Ergenekon ve Balyoz davaları dünya hukuk tarihine 'masum
insanlara kurulan' kumpasın en acı örneklerinden biri olarak
geçecek davalardandır. Bu davalarda yüzlerce kişi 'uydurma'
delillerle yıllarca zindanlarda yattı. Birçoğu hayatını kaybetti,
ağır hastalıklara yakalandı.
Kumpas davalarının savcıları şimdi bir biri ardına ülkeyi ya terk
ediyor ya da terk etme hazırlığı yapıyor.
Siyasetin emrindeki yargı, insanlık ve hukuk tarihinin en utanç
verici örneklerinden biri olarak karşımızda duruyor.

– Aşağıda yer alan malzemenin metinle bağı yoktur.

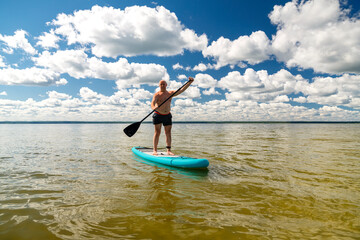 A man on a SUP board with a paddle in the lake against the background of white clouds on a clear blue sky.
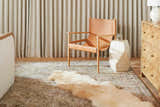 Living room scene with a tan leather chair on a Ange Tan Rich Textured Traditional Rug. Neutral tones and textures. Roomscene-Rectangle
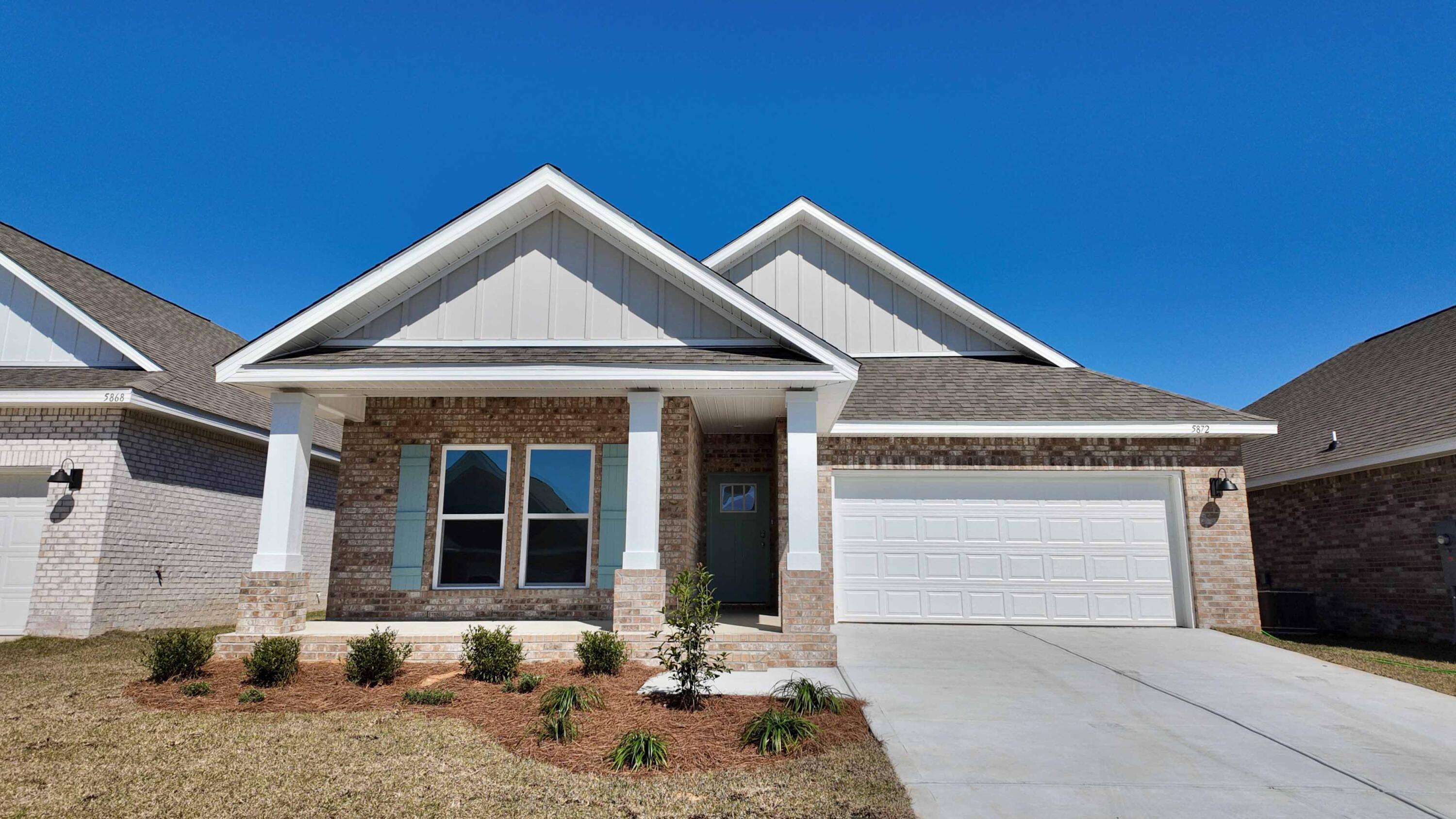 ALMOST COMPLETE AND MOVE IN READY!! GORGEOUS NEW construction in Marlin Place with a community pool, pavilion, sanded volleyball court, cornhole area and streetlights for residents to enjoy. The stunning Riverside floor plan boasts 5 bedrooms and 3 bathrooms with a 2-car garage. Outstanding & spacious floorplan. Stunning Quartz countertops in kitchen and baths, all stainless-steel appliances, gorgeous EVP wood look flooring & plush carpet in the bedrooms. So many great amenities and this highly desirable home comes standard with a Smart Home Technology package with several Smart devices for your convenience. Home also includes hurricane fabric window & door protection and a beautiful classic curb appeal. Great floorplan and a convenient, fast growing Milton location.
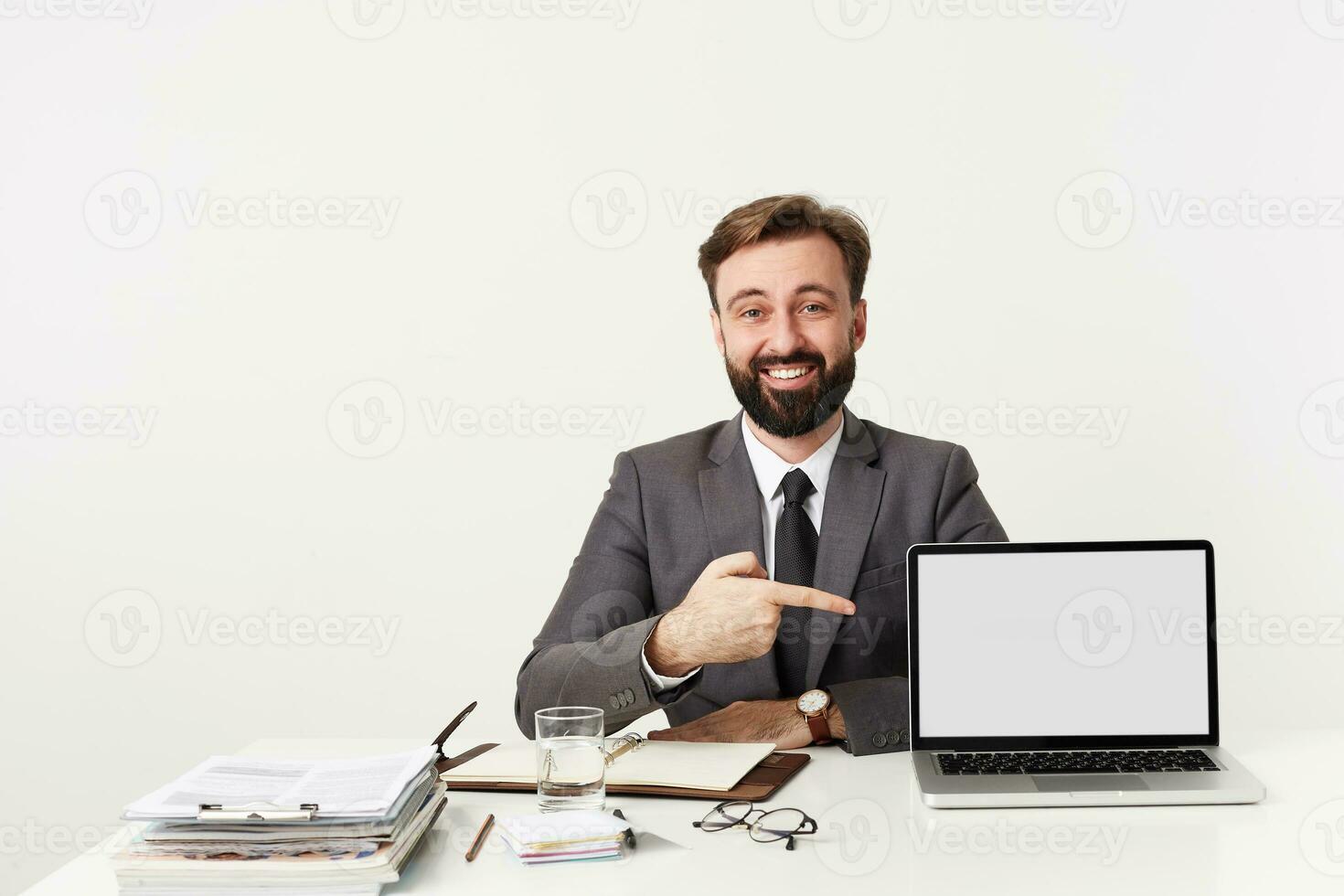 studio schot van brunette gebaard vent met kort kapsel poseren over- wit achtergrond in formeel kleren, tonen Aan zijn laptop met verheven hand- en op zoek vrolijk Bij camera foto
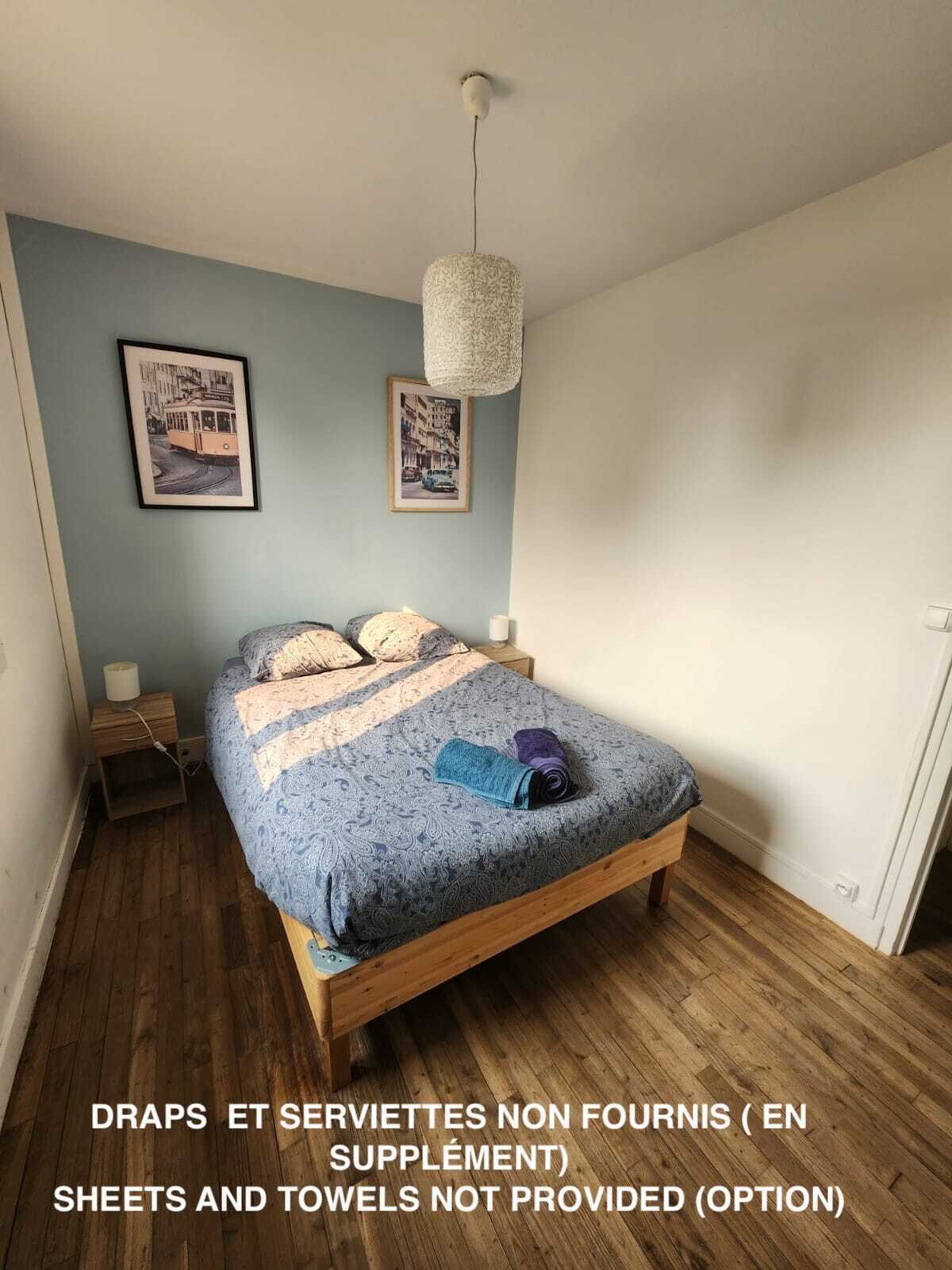 Une chambre avec un lit, deux tableaux accrochés au mur, un luminaire suspendu et un plancher en bois. Le texte indique que les draps et les serviettes ne sont pas fournis.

Bu süreçte mağdur olan pek çok kişi ile dostluğum vardı. Bazılarını
televizyon programlarında konuk etmiş, saatlerce konuşma imkânı
bulmuştum.
Balyoz Davasında darbecilikle suçlanan komutanlar arasında
bulunanlardan biri de Jandarma Kurmay Albay Mustafa Önsel’di. Önsel
Albay, Balyoz Davasında Fatih Camiini bombalayacak ekip arasında
gösteriliyordu. Trabzon’un Beşikdüzü ilçesinde doğan ve oldukça
dindar bir ailenin çocuğu olan Mustafa Albay’a hayatı boyunca asla
unutamayacağı bir iftira atılıyordu. Şerefli bir Türk subayının
zaman zaman Cuma Namazı kılmak için gittiği bir camiyi bombalaması
mümkün müydü?
“Beşiktaş’ta Sırtlan Pususu” kitabında bu süreci anlatırken 'ölsem
daha iyiydi' diyordu Mustafa Albay.
Böylesine acı ve aşağılık iftiralara maruz kalıp çoluk çocuğunuzdan
ayrılıp hapse atılan bir subaya ve onun gibi yüzlerce komutana
doğal olarak kimin sahip çıkması gerekirdi?